Cus - Without adjudication & decision on legal position, quashing of order & restoring matter to original authority to pass fresh o-in-o is not correct - harassment to assessee and incovenience to department: High Court
By TIOL News Service
NEW DELHI, JUNE 05, 2018: THIS is a Revenue appeal against the order of CESTAT.
The following is the substantial question of law-
"Whether the Customs, Excise and Service Tax Appellate Tribunal ("CESTAT") was justified and correct in law in passing an order of remand to the original adjudicating authority to first decide the issue of jurisdiction, after decision of the Supreme court in Civil Appeal preferred against the decision of Delhi High court in Mangali Impex Limited v. Union of India - 2016-TIOL-877-HC-DEL-CUS?"

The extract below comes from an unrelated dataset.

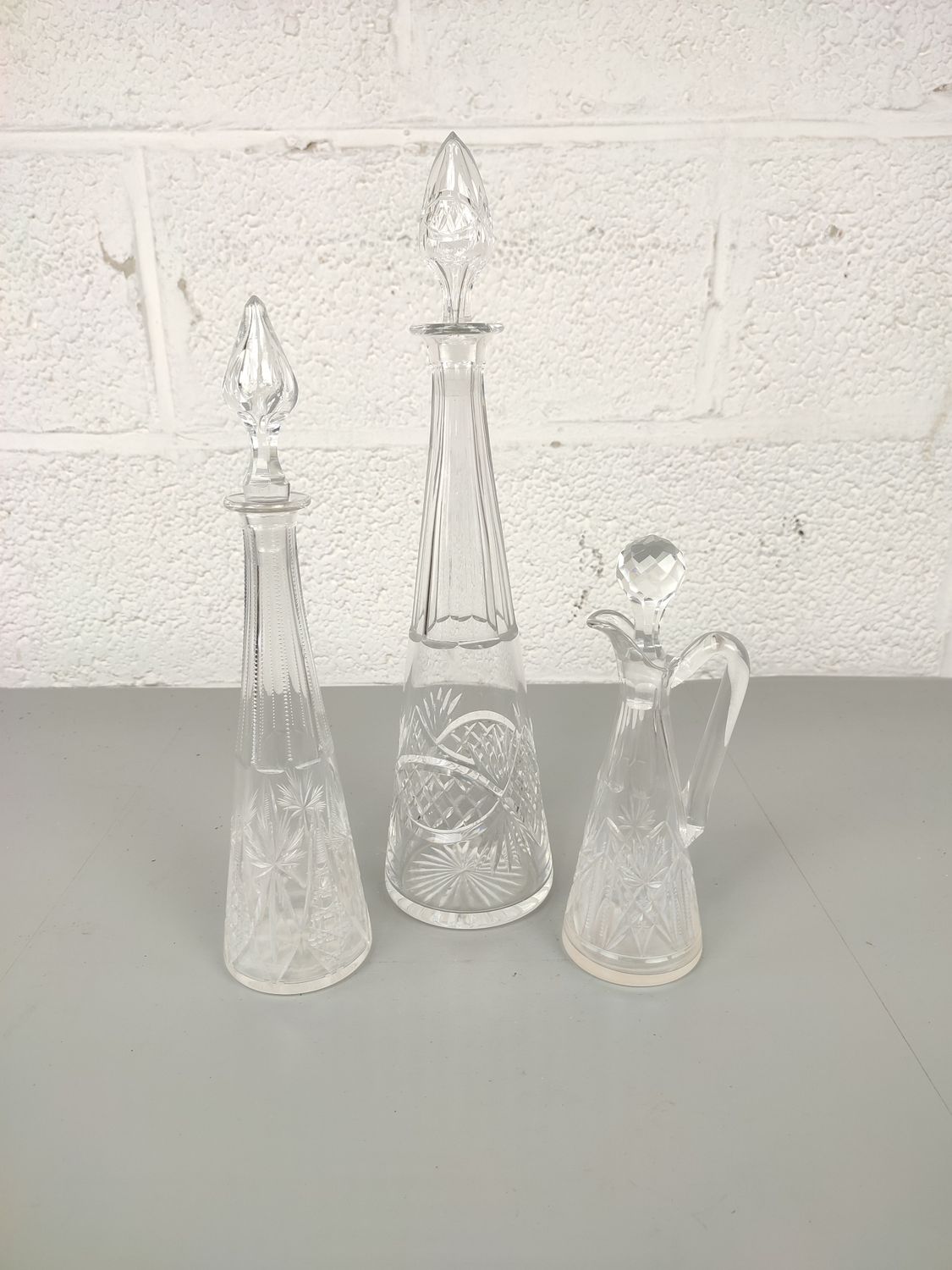 set of 3 crystal decanters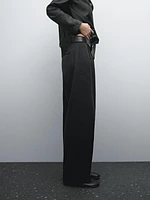 Flowing wide-leg cotton blend trousers with pleats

SCNs were issued by the ADG, DRI to the respondents and thereupon orders-in-original were passed by the Principal Commissioner of Customs (Import), ICD, Tughlakabad, New Delhi.
These original adjudication orders were challenged and set aside by the CESTAT in view of its earlier decision in' Final order No.53941-53942/2017, Doaba Stud & Agriculture Farm dated 12th June, 2017 ' wherein the impugned order was set aside and the matter was remanded to the original adjudicating authority to first decide the issue of jurisdiction after the availability of Hon'ble Supreme Court decision in the case of Mangali Impex Ltd. and then on merits of the case but by providing an opportunity to the assessee of being heard.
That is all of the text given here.